*Exercise data*.
#####

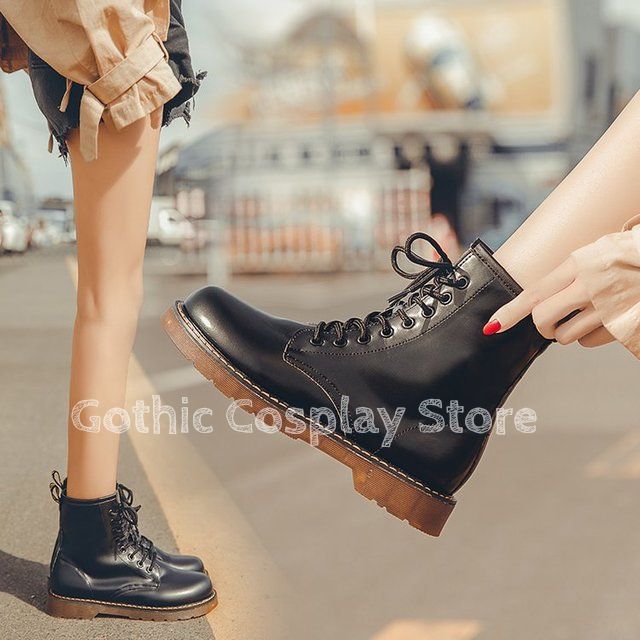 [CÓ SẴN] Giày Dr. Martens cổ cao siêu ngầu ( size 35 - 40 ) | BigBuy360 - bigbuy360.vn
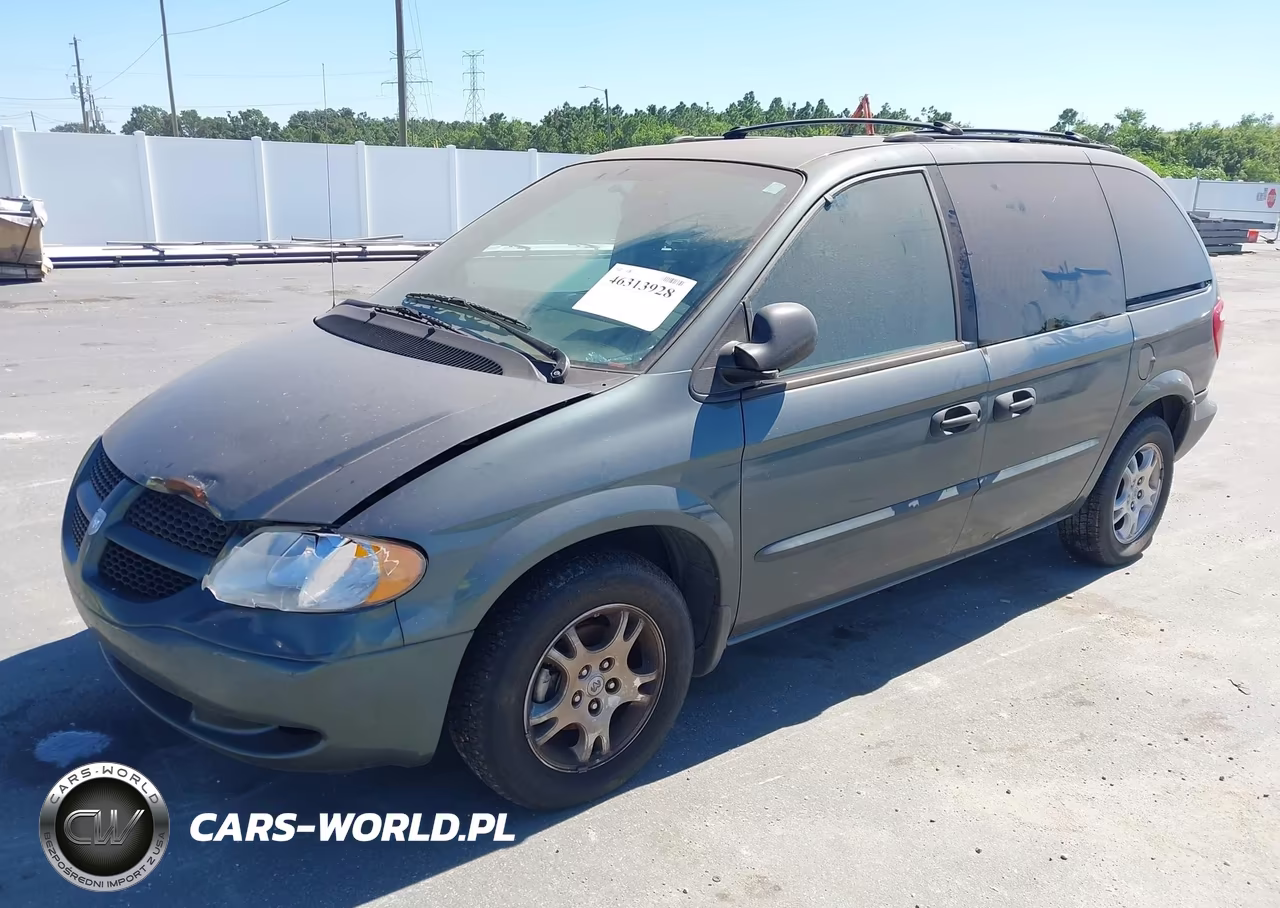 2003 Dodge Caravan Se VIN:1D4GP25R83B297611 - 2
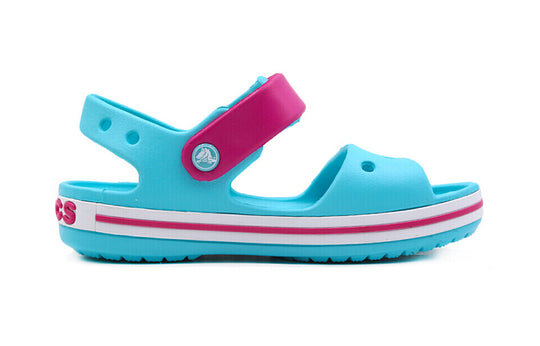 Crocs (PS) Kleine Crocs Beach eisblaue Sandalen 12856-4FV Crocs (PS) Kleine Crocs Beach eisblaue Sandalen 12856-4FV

#####

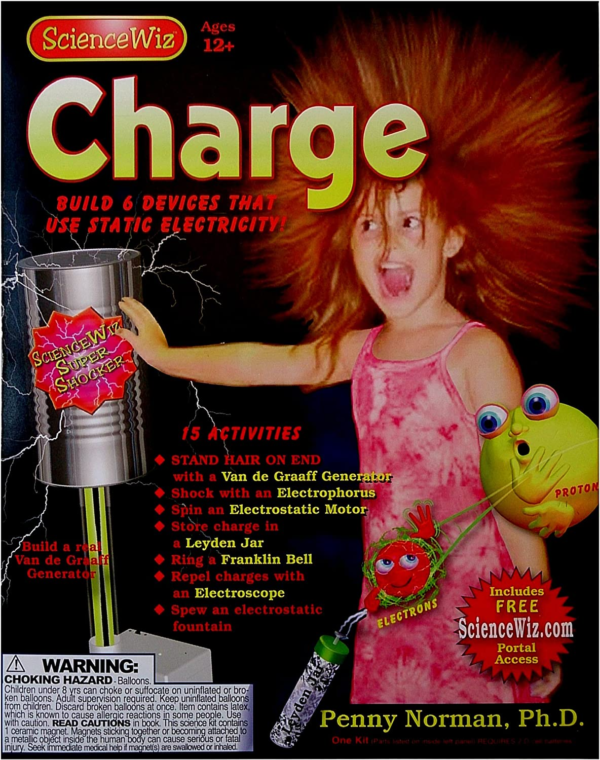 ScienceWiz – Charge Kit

#####

*Exercise directions*. For the entries above, print exactly the lines between the one with "2003 Dodge Caravan" and the one with "Crocs (PS) Kleine Crocs Beach eisblaue Sandalen 12856-4FV Crocs", inclusive, with no pictures.

*Solution to this task*.
 2003 Dodge Caravan Se VIN:1D4GP25R83B297611 - 2
 Crocs (PS) Kleine Crocs Beach eisblaue Sandalen 12856-4FV Crocs (PS) Kleine Crocs Beach eisblaue Sandalen 12856-4FV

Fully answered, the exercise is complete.